When preparing mussels most people abide by the rule that any mussels still closed after cooking should be thrown away. However, some scientists claim this is simply an old wives' tale and that the rule is actually a myth. Nick Ruello, an Australian fisheries biologist, cooked and ate more than 30 batches of mussels for a seafood report. Of those mussels, 11.5 percent were still closed after cooking, but Ruello found he could safely eat each one of them after forcing the mussels open with a knife.
The abductor muscles in live mussels keep the two halves of the shell together. When the shellfish are cooked, the heat denatures the proteins of (pardon the pun) mussels' muscles, so they come unstuck from their shells. However, even if the abductor muscles refuse to disintegrate in the heat, the meat has been cooked at a high enough temperature that it is safe enough to eat.
The one exception? If mussels are open before they've been cooked (and don't close up tightly when tapped), then they're dead, and not fresh enough to eat under any circumstance. Have you ever pried open a cooked mussel that was closed shut? Will this new piece of information change the way you eat the shellfish?






Prada
I don't eat mussels....
1It reminds me of crawfish - if the tail is stiff and straight after boiling, toss it, it was dead when it was thrown in the pot and therefore not good to eat.
2Wouldn't eat it either way. The only things I eat from the sea are fish and shrimp. Everything else scares me.
3Wow everyone always told me not to eat those! Now I can tell them they're wrong!
4I've been bold enough to attempt to pry them open (I do so with clams that don't open) and now I know I'm right. Sweet.
5You have no idea how many of these things I've thrown away!!! All that wasted money...crap
I'll
just pry it open.
6You know mussels look really disgusting...my cousin and I joke that it's as close as we're ever gonna get to ...you know.
7Yeah, I've eaten them. As a student I'd frequent an Egyptian place that made the most amazing mussels. Throwing one away seemed insane (I also didn't know about this rule). I get food poisoning from EVERYTHING so if there was some sort of health detriment to be had from eating unopened mussels, I'd have felt it by now
8Wait, I don't get it ... if they're closed when you tap them before cooking, they're dead? So tap all yer mussels pre-cook?

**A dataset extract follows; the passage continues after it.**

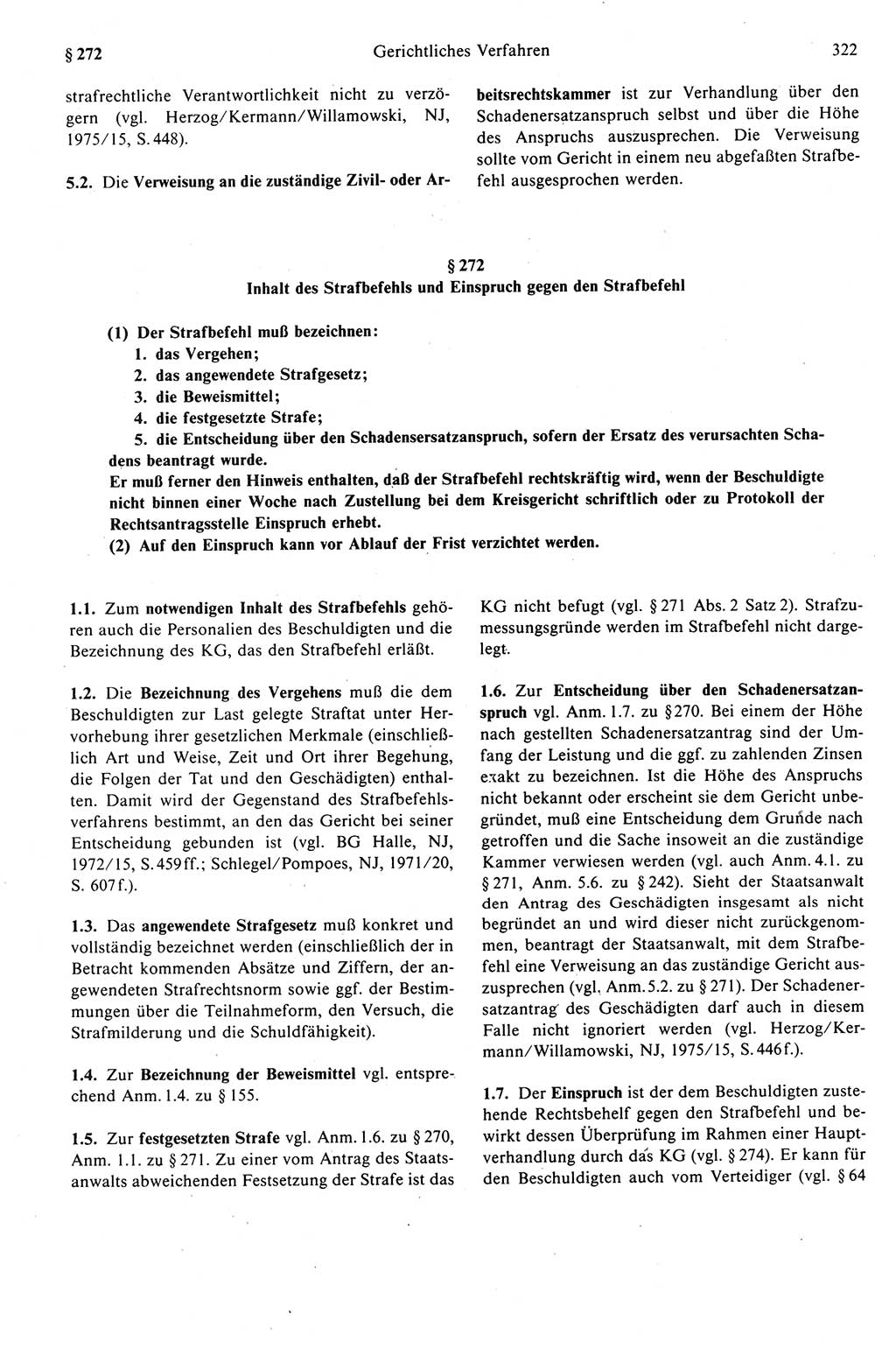 Strafprozeßrecht der DDR (Deutsche Demokratische Republik), Kommentar zur Strafprozeßordnung (StPO) 1989, Seite 322 (Strafprozeßr. DDR Komm. StPO 1989, S. 322)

9i don't eat mussels, and i have to say that after reading this - as much as i appreciate the education, i'm not any more inclined to give up being a vegetarian to try them.
10Why are we still printing this rubbish?..NO no no.. this is not what the research found at all. Nick Ruello (the consultant PAID to undertake a completely different study, but made this finding as a by product) never makes a single statement that does not refer to and only to FARMED blue mussels (which are known to have high rates of remaining closed after cooking). The study (in 2002 and selectively regurgitated every few years since then) has never been peer reviewed appears only in industry magazines and seems to have run amok. Why would you risk a gastrointestinal hell for the sake of one mans paid word and a few cents of discarded mussels. Do the research look around. This is highly selective unreviewed research for the mussel industry. Check out the the PEI alliance of mussel growers whose PEI University consultants are routinely used by the FAO, yep you guessed it 8 years after the alleged "discovery" they still say discard unopened mussels.